I managed to do this in Python with Playwright, and a seperate JavaScript file that playwright can just read in and then run:
main.py
import os
from playwright.sync_api import sync_playwright
def get_storyboard_urls(video_id):
# Load javascript
script_path = os.path.join(os.path.dirname(__file__), 'storyboard_extractor.js')
with open(script_path, 'r') as f:
js_code = f.read()
# Run playwright
with sync_playwright() as p:
browser = p.chromium.launch(headless=True)
page = browser.new_page()
try:
page.goto(f"https://www.youtube.com/watch?v={video_id}")

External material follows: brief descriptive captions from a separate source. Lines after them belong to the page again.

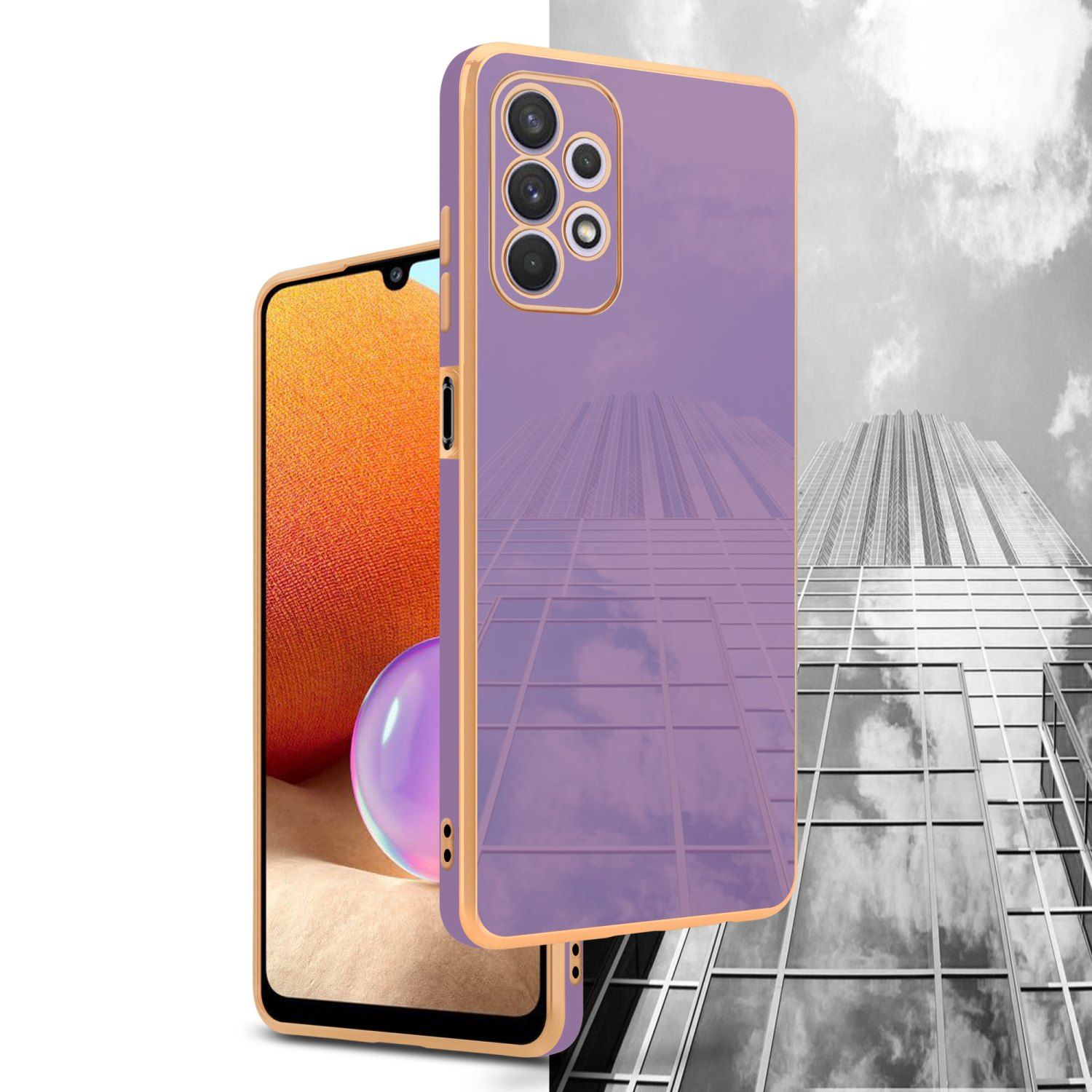 Handyhülle mit Reflexion eines Gebäudes auf der Rückseite, ein Telefon an der Seite.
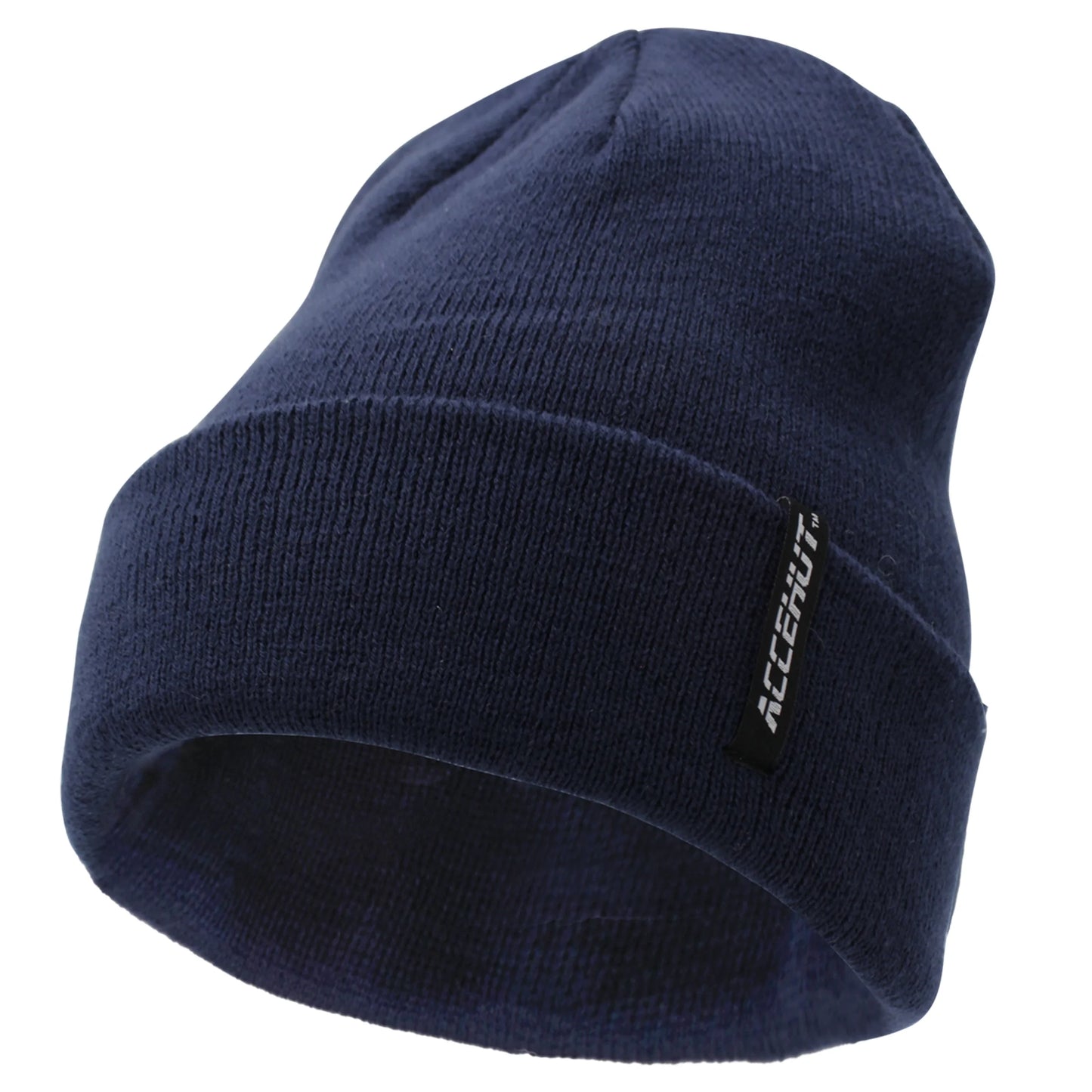 Unisex Acrylic Knit Beanie - Cozy Winter Ski Cap in Solid Colors for Men & Women - Stretchy Cuffed Skull Hat for Warmth and Style Navy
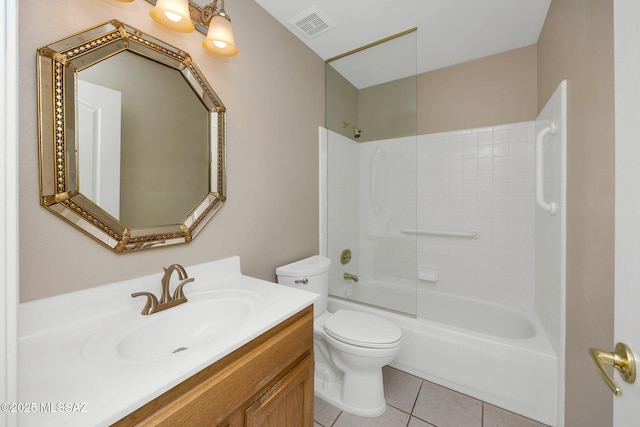 full bathroom with shower / washtub combination, toilet, tile patterned flooring, and vanity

storyboard_urls = page.evaluate(js_code)
if storyboard_urls is None or storyboard_urls == "":
raise ValueError(f"Failed to fetch storyboard URL for {video_id}\nValue returned: {storyboard_urls}")
return storyboard_urls
except Exception as e:
print(f"Error fetching storyboard URL: {e}")
raise e
finally:
browser.close()
get_storyboard_urls("nr0RPVvKWDI")
storyboard_extractor.js - a bit more detail in this answer
// This script extracts the storyboard URLs from a YouTube video page
() => {
// Storyboard Get
const resp = ytplayer.config.args.raw_player_response;
const storyboards = resp.storyboards;
const specRend = storyboards.playerStoryboardSpecRenderer;
const spec = specRend.spec;
const parts = spec.split("|")
const base_n = (n) => parts[0].replace('L$L/$N',`L${n}/M0`);
const signs = parts.map(p => p.split("rs$")[1]).filter(p => !!p).map(p => "rs%24" + p);
// Output
urls = []
for (let i = 0; i < signs.length; i++) {
let url = `${base_n(i)}&sigh=${signs[i]}`
urls.push(url)
}
return urls
}